The terms "date of bankruptcy" and "bankruptcy," with reference to time, mean the date when the petition was filed, 30 Stat. 544, as amended 52 Stat. 840, 841, and are used accordingly in this opinion.
In No. 168, the District Judge allowed New York City interest to the date of payment, 75 F.Supp. 458, and the Court of Appeals reversed, 168 F.2d 268. In Nos. 200-201, the District Judge allowed the United States and the New York interest only to the date of bankruptcy, 73 F.Supp. 685, and the Court of Appeals affirmed, 168 F.2d 272.

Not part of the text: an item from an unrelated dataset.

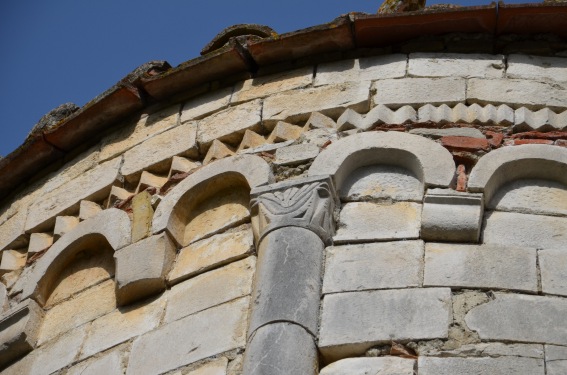 Chiesa di S.Giovanni ad Insulam di Isola del G.Sasso (Te)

Davie v. Green, 133 F.2d 451.
335 U.S. 811-812.
Those most immediately concerned with administration of the Act have frequently expressed dissatisfaction over the inroads taxes and interest thereon make in the fund available for creditors. For discussions of that and similar practical problems, see 14 J.N.A.Ref.Bankr. 3; 17 id. 129; 18 id. 17; 19 id. 31; 21 id. 106; 22 id. 41; 44 Com.L.J. 411, and 45 id. 370. See also Judge Bright's opinion below, 73 F.Supp. 685, and referees' comments in Matter of Dorsey, 46 A.B.R.(N.S.), 146, and Matter of D. O. Summers Co., 45 A.B.R.(N.S.), 123. The whole subject of tax claims and interest is discussed at length in 3 Collier, Bankruptcy (14th ed., 1941 & 1948 Cum.Supp.)